#### EXTRACTED ENTRIES ####

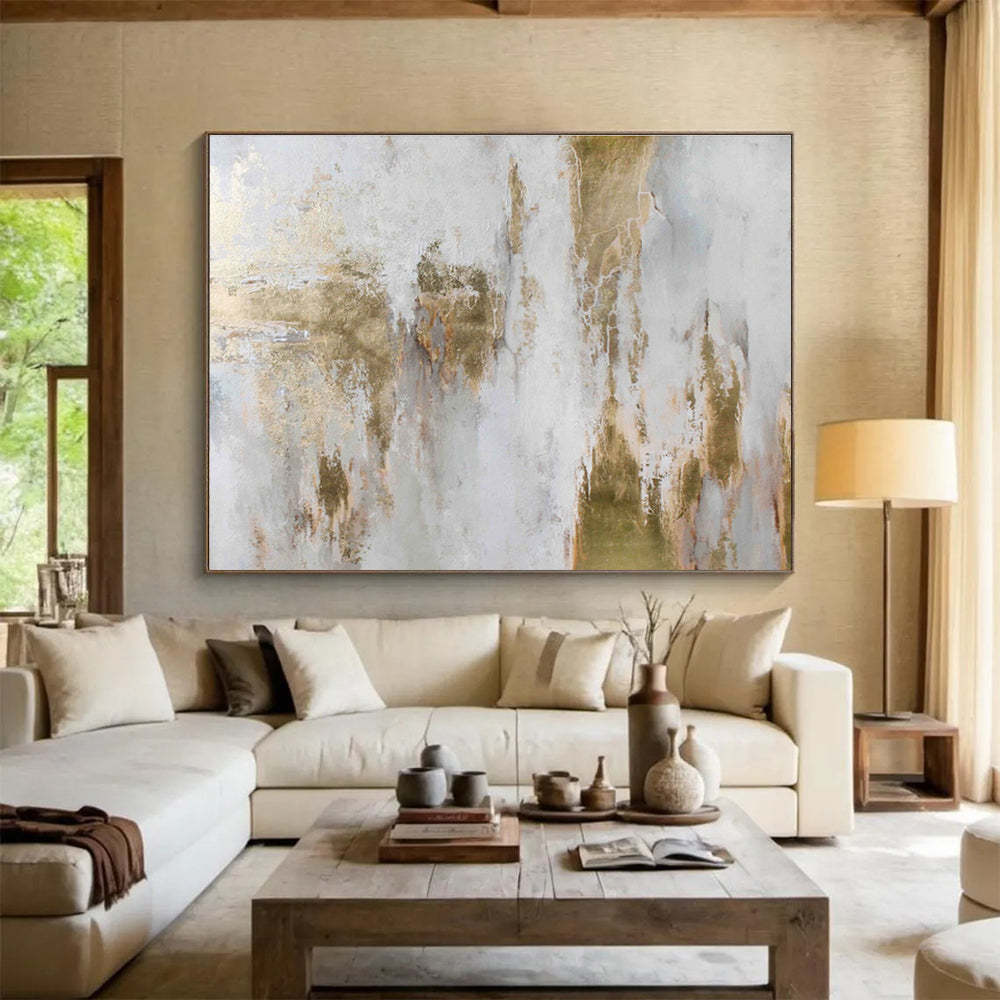 “Gold - Accented Textured Abstract” - Abstract Painting On Canvas DKS521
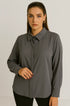 Camicia in georgette con colletto a maniche lunghe e abbottonatura nascosta Unica by Dorabella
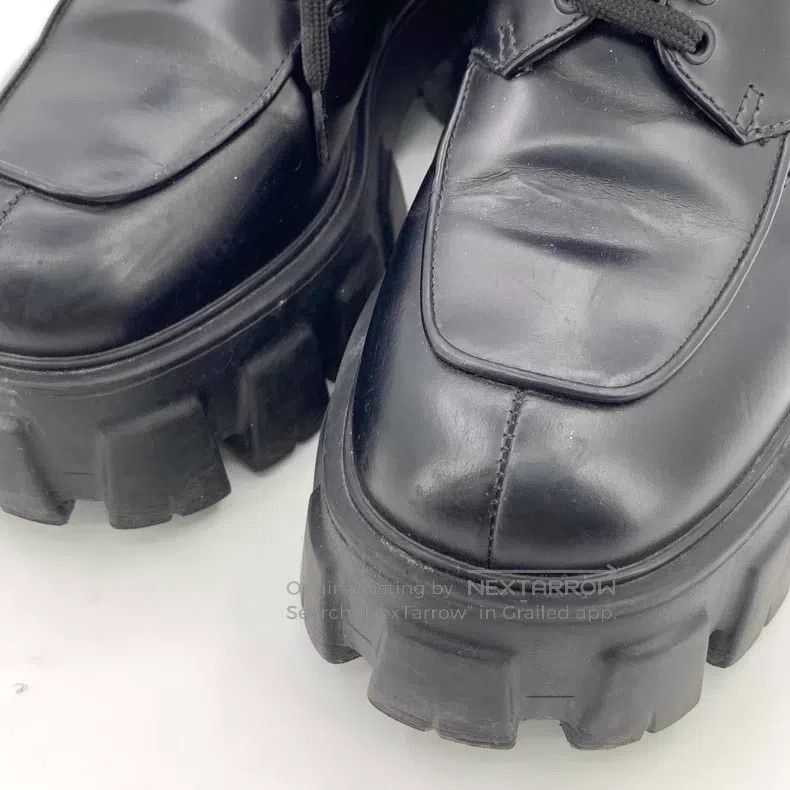 Prada Prada Black leather thick-soled lace-up leather shoes loaf Size US 4 / IT 34 - 9 Thumbnail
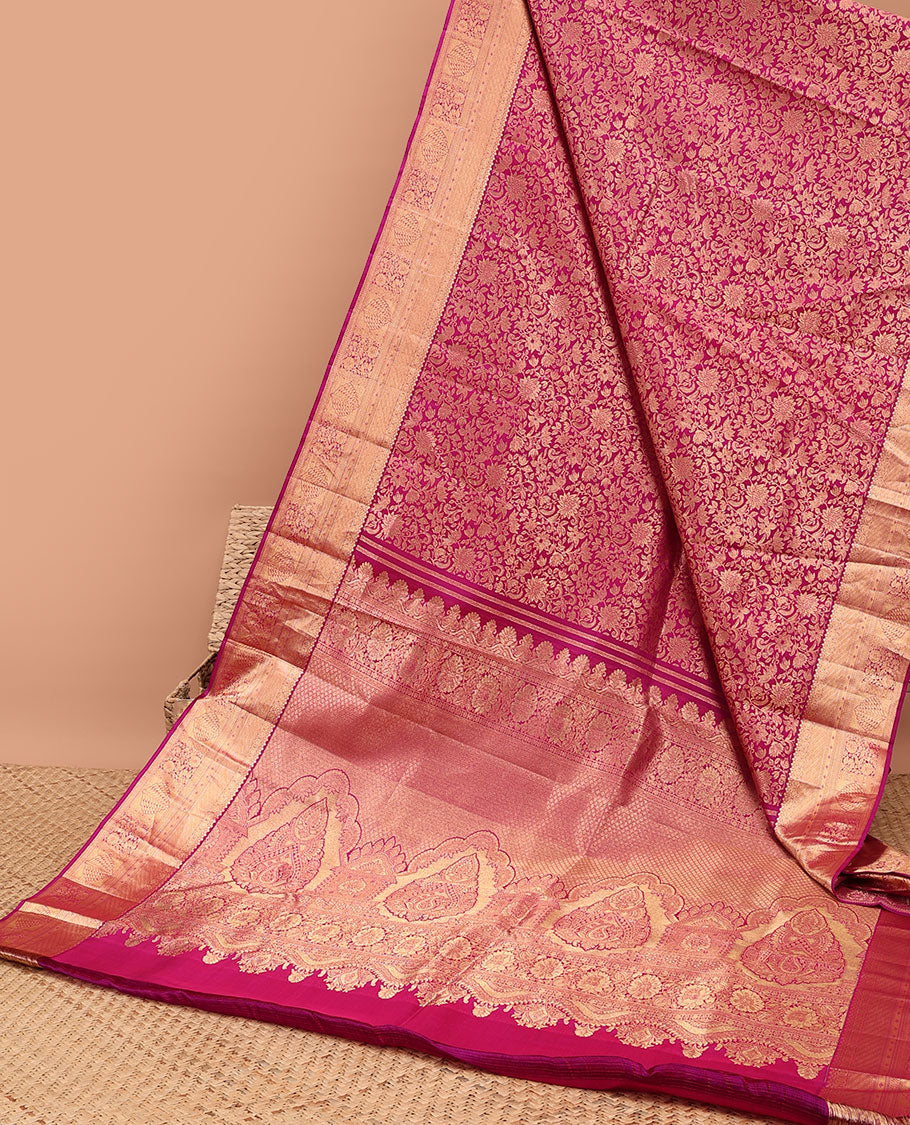 Pink  floral jacquard kancheepuram silk saree with self zari design border & intricate floral zari design pallu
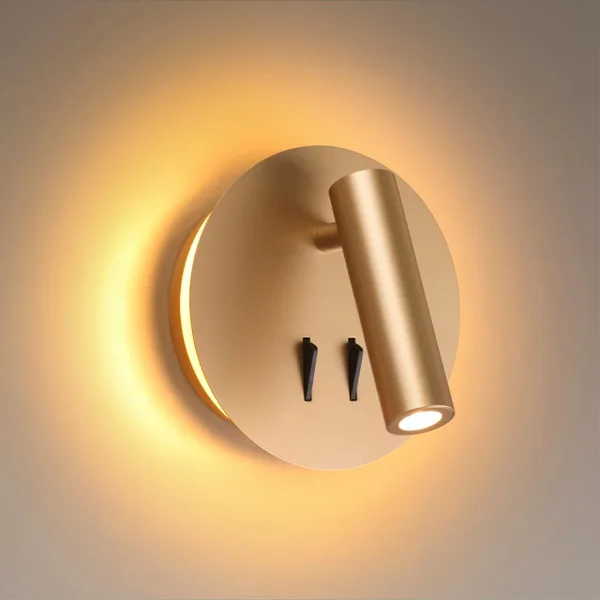Настен.св-к с лампой д/чтения с выкл LED 9W 3000K 220V BEAM золот/металл ODEON LIGHT — фото 3
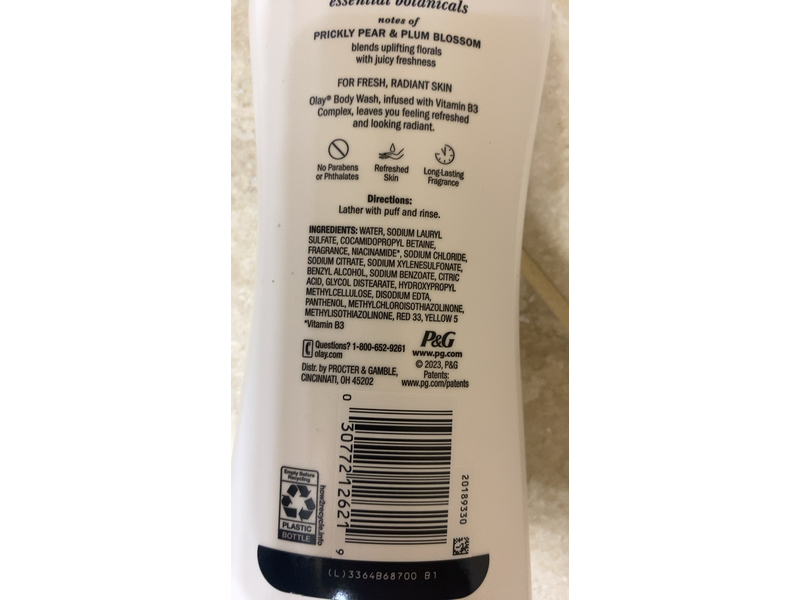 Olay Essential Botanicals Body Wash, Prickly Pear & Plum Blossom, 23.6 fl oz/700 mL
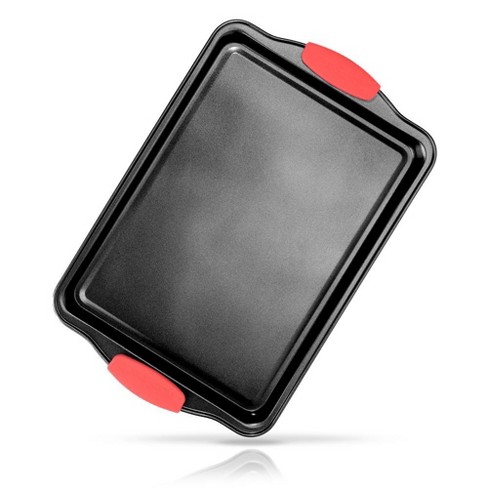 Nutrichef Small Cookie Sheet - Deluxe Nonstick Gray Coating Inside &  Outside With Red Silicone Handles : Target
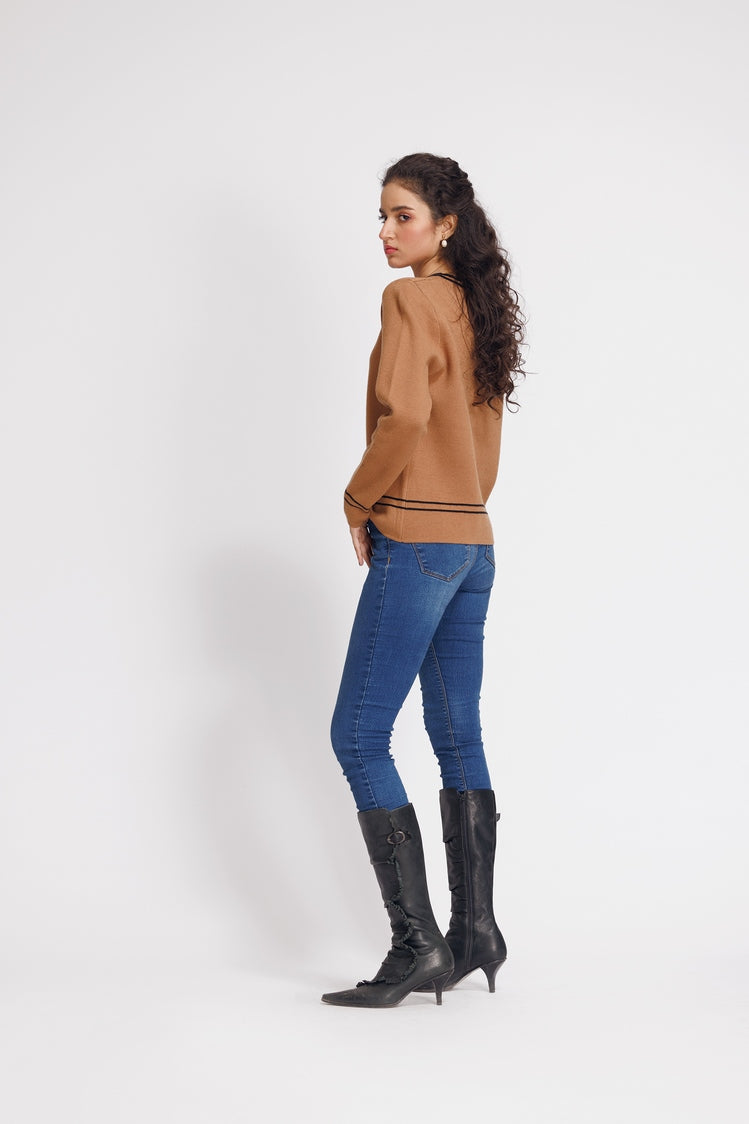 Picture of Ellena - Round Neck Cardigan Sweater - Available at Raja Sahib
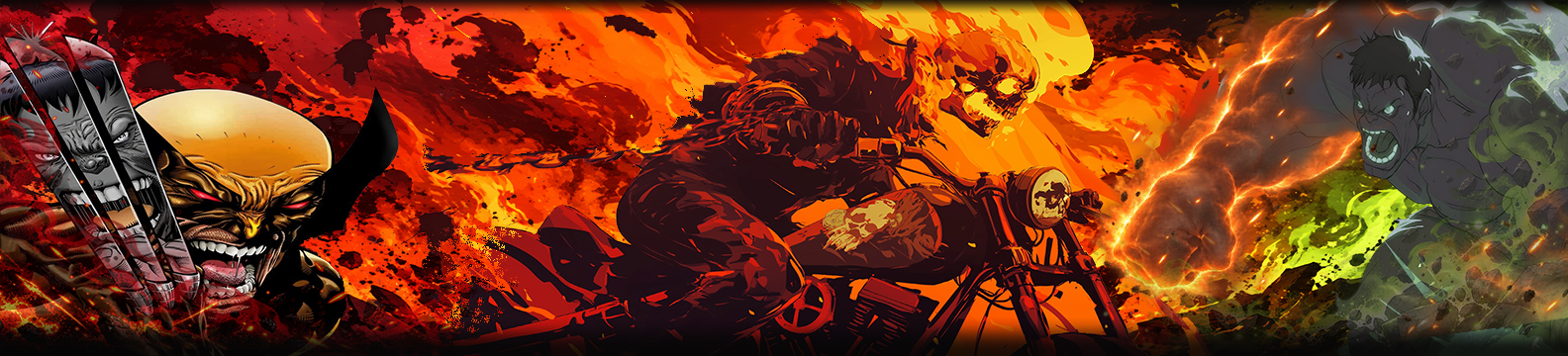 Ghost Rider charging through flames with Wolverine and Hulk on the bottom-screen panel for a custom Avengers arcade build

####

PROBLEM DETAILS
From the first line of the records through the line containing "Olay Essential Botanicals", please output exactly those lines and nothing more, leaving out the pictures.

EXPECTED OUTPUT
 “Gold - Accented Textured Abstract” - Abstract Painting On Canvas DKS521
 Camicia in georgette con colletto a maniche lunghe e abbottonatura nascosta Unica by Dorabella
 Prada Prada Black leather thick-soled lace-up leather shoes loaf Size US 4 / IT 34 - 9 Thumbnail
 Pink  floral jacquard kancheepuram silk saree with self zari design border & intricate floral zari design pallu
Настен.св-к с лампой д/чтения с выкл LED 9W 3000K 220V BEAM золот/металл ODEON LIGHT — фото 3
 Olay Essential Botanicals Body Wash, Prickly Pear & Plum Blossom, 23.6 fl oz/700 mL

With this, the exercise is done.